Posts Tagged 'Responsorial Psalm'


When Jesus is arrested and brought to trial on Good Friday, Pontius Pilate asks him, “What is truth?” (John 18:38) Have you ever wondered that? Not necessarily truth in the “big sense,” like the truth of humanity or the truth of the universe, but just plain-old everyday truth. Like whether or not you’re on the right path, whether you should “go for” the opportunity that just presented itself to you, whether your sense of how to live a moral life is on the up-and-up. What’s the truth of those situations? Is God happy with me and my life choices so far? Am I doing the right thing? Have I been following in the path God has marked out for me?

Trying to discern God’s movements in our lives is no easy task. It requires several things:
–a desire to know God’s movements
–an openness to noticing them
–a receptivity to accepting them and what they mean for my life
–a sense of courage to follow-through with the call or invitation of God
–a sense of humility to let go of my own agendas when God might be calling me away from them to something bigger.

This Sunday’s responsorial psalm is a beautiful plea to this God of ours: “Your ways, O Lord, make known to me; teach me your paths, guide me in your truth and teach me, for you are God my Savior.” Might I suggest that you pray with this psalm prayer each day of the coming week, asking God to help you come to know him and his ways better. After all, who better to help us out with our big questions? He IS the Truth.


This Sunday’s responsorial psalm says, “If today you hear his voice, harden not your hearts (Ps 95).” It seems pretty inconceivable to harden our hearts to the actual voice of God, doesn’t it? I mean, if I knew it was actually God talking, I would listen pretty carefully. Doesn’t everyone wish God’s voice would just come through some cosmic loudspeaker helping us know what to do on any given day in any given circumstance? So what is the psalmist saying when he exhorts us not to “harden our hearts” to the voice of God?

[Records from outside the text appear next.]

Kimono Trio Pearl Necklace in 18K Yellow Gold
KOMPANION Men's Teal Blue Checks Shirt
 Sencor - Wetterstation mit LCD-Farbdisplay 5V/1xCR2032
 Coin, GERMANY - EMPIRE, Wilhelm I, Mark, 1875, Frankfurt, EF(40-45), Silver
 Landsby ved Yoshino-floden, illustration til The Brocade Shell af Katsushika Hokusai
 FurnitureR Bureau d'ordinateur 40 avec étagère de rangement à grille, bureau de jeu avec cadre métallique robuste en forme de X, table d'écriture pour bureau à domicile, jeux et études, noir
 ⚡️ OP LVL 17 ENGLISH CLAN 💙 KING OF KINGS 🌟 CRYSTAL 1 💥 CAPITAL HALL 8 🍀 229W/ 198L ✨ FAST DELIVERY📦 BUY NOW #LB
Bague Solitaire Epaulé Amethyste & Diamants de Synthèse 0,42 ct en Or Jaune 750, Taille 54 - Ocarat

Have you ever known the right thing to do and just not done it? Or have you ever known that “being good” was going to cost you something in your friendships or in your social status? Or have you ever just changed the channel rather than hearing all the tragic news about the Middle East, the poverty of the African people, the victims of justice or violence, or the continued suffering of those most helpless? Have you ever walked past a homeless person on the street, afraid to look him in the eye when he asks you directly for help? Or have you ever heard that sudden, unbeckoned voice in the back of your head telling you to get in touch with an old friend or a long-lost classmate—and then shrugged it off as a weird memory?

I suppose that’s not fair, asking if “you’ve” ever had those experiences…because the real question each of us needs to ask ourselves is, “When I’ve had those experiences, how did I not recognize in them the voice of God?” Maybe this is the psalmist’s point. Maybe this is precisely his point. Help me, Lord, to hear and recognize your voice today—in the Scriptures; in the words of my family, friends, and coworkers; in every opportunity to love that you present to me—and keep my heart soft enough to answer, “Ah, Lord—there you are.”